(RECORDS SHOWN Opens)

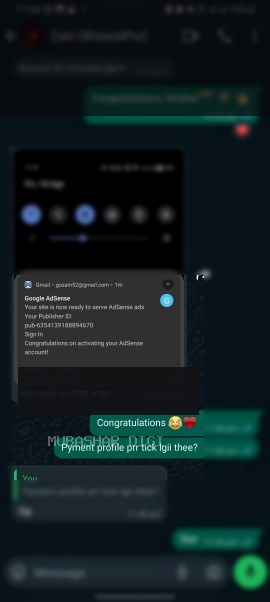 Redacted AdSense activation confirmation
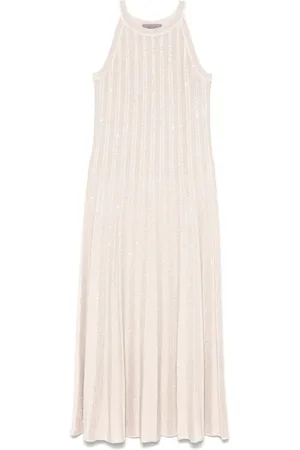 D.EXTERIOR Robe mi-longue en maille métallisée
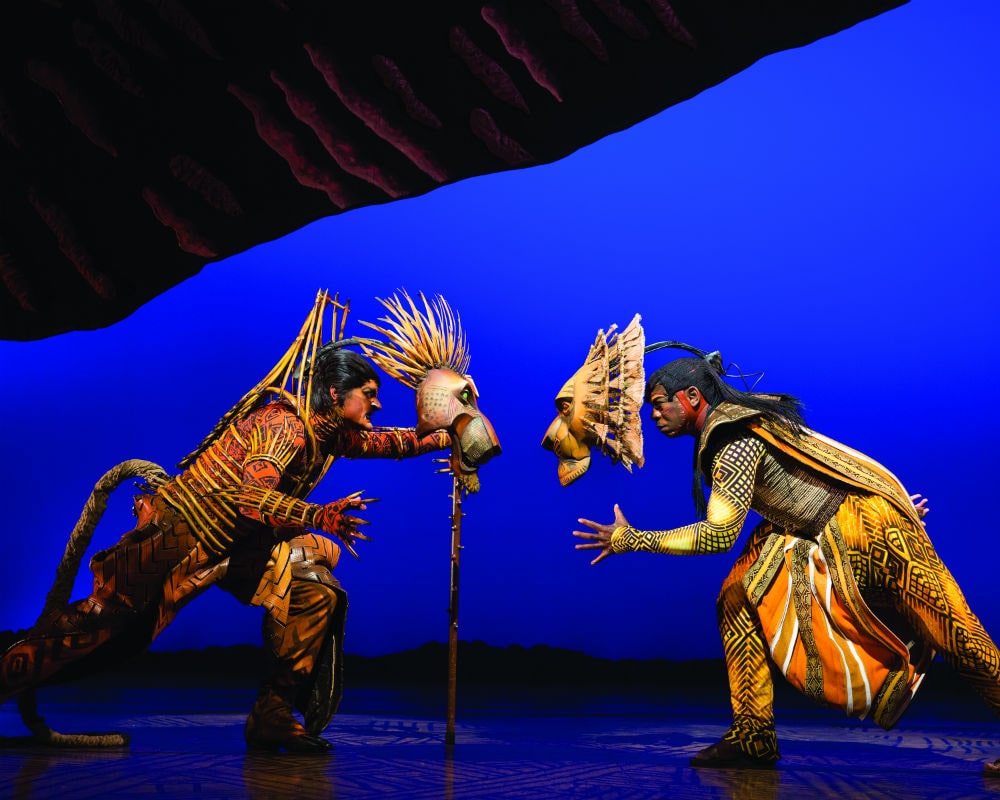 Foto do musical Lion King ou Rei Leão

(RECORDS SHOWN Closes)
(RECORDS SHOWN Opens)

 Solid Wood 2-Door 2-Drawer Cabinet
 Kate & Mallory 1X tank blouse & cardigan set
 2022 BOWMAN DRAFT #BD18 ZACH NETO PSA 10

(RECORDS SHOWN Closes)
(RECORDS SHOWN Opens)

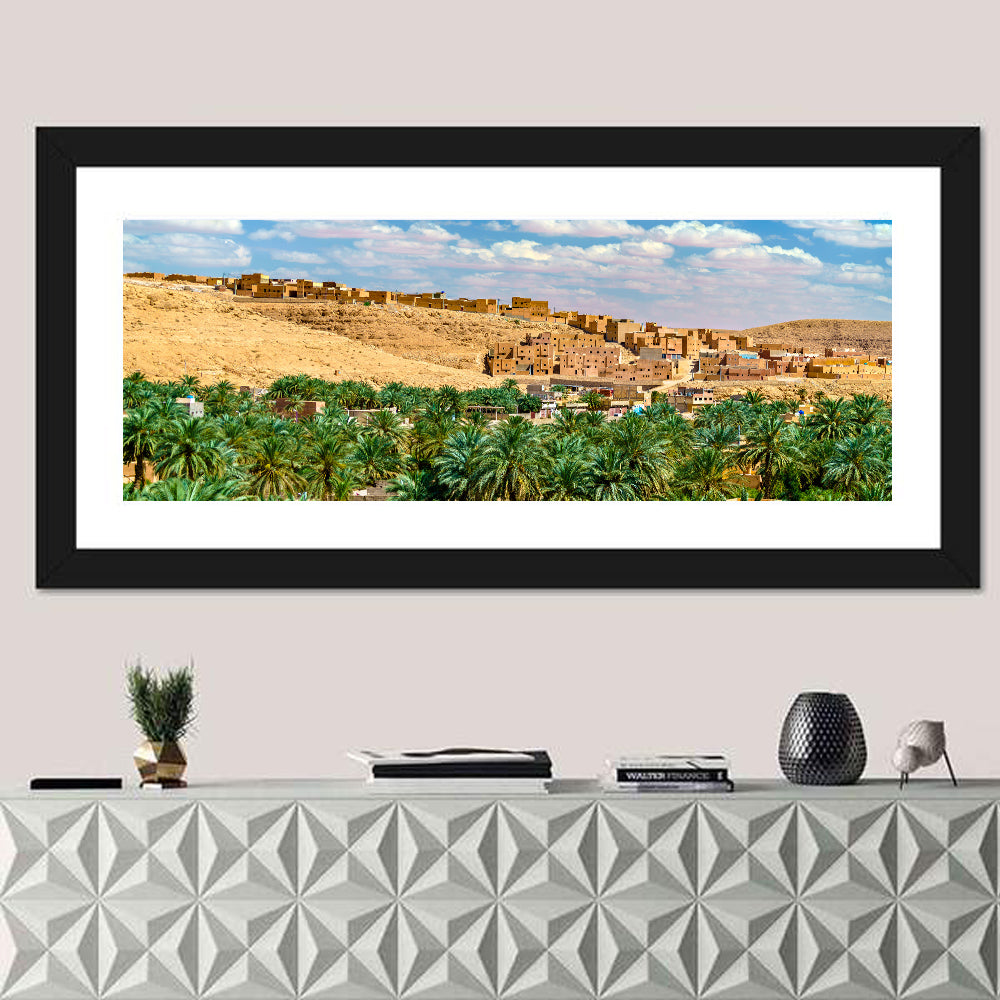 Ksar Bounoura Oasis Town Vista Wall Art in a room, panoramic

(RECORDS SHOWN Closes)

In the material above, transcribe exactly the lines beginning at the one with "Solid Wood 2-Door 2-Drawer Cabinet" and ending at the one with "2022 BOWMAN DRAFT #BD18 ZACH NETO PSA 10", both included.

RESULT FOR THIS EXERCISE:
 Solid Wood 2-Door 2-Drawer Cabinet
 Kate & Mallory 1X tank blouse & cardigan set
 2022 BOWMAN DRAFT #BD18 ZACH NETO PSA 10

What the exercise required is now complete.